How Math Could Help Defuse Riots
Rioting behavior isn't so different from shopping behavior--an insight researchers want to use to keep riots at bay.
After riots tore across London in 2011, a team of researchers from University College London began using math to model what happened–and how to predict similar riots in the future. What did they find? Apparently rioting behavior isn’t so different from shopping behavior, for one thing.
The math itself is complicated–you can check out the team’s published papers on the concept here if you’re inclined–but this video provides a few helpful analogies breaking it down. For one, the researchers found that the spread of rioters was similar to the spread of shoppers: rioters tended to stay near where they were when the riots sprang up, in a similar way to how shoppers tend to shop close to home. Since algorithms have already modeled shopping behavior, the same can be done in the future for riots, they say.

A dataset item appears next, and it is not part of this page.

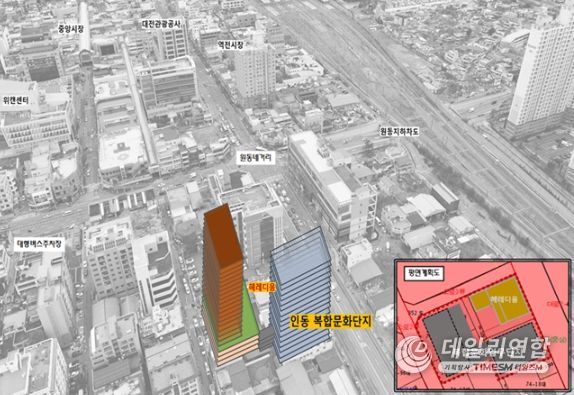 인동 복합문화단지 조감도
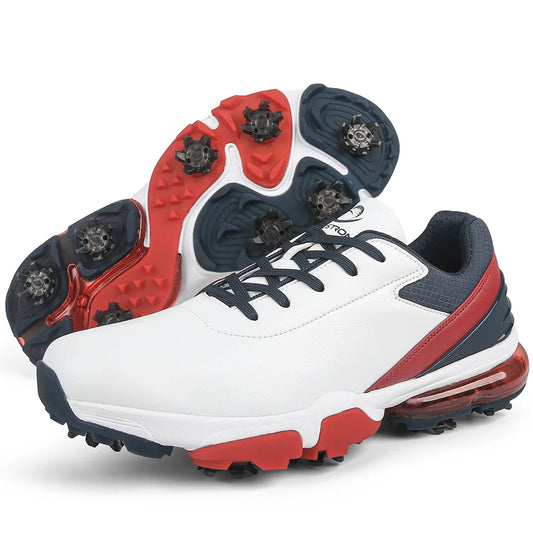 New High Quality Brand air Men's Golf Shoes Big US13 Training Outdoor Spikes Gripper Shoes for Cricket Hot Sale Factory Leather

Another analogy: in the wild, predators (say, as researcher Hannah Fry does in this video, foxes) will chase down prey (say, rabbits). As the foxes stay in one area, they’ll continue hunting rabbits, and the rabbit population will dwindle until the foxes move on. But the longer a rabbit population stays unbothered, the more the population will grow, until the foxes step back in to take them down. This effect’s already been modeled, too.
Replace foxes with police and rabbits with rioters and you see a similar effect. The lower the police presence, the more likely rioters are to keep rioting. But when police eventually step in, rioters disperse. Knowing that, the researchers say, math could be used to determine the optimal place to send limited police resources, keeping rioting at a minimum.
But none of that necessarily predicts riots before they happen–and there’s not really a way to figure out where they’ll start. In the video, Fry explains how youth services were cut from budgets, which hit certain communities the hardest and led to riots. One person–the riots’ patient zero–decided to riot, which eventually spread, in a similar way to how diseases do, across the city. That, again, can be modeled, but it seems much more difficult to stop riots in the first place than to combat them after they’ve already started.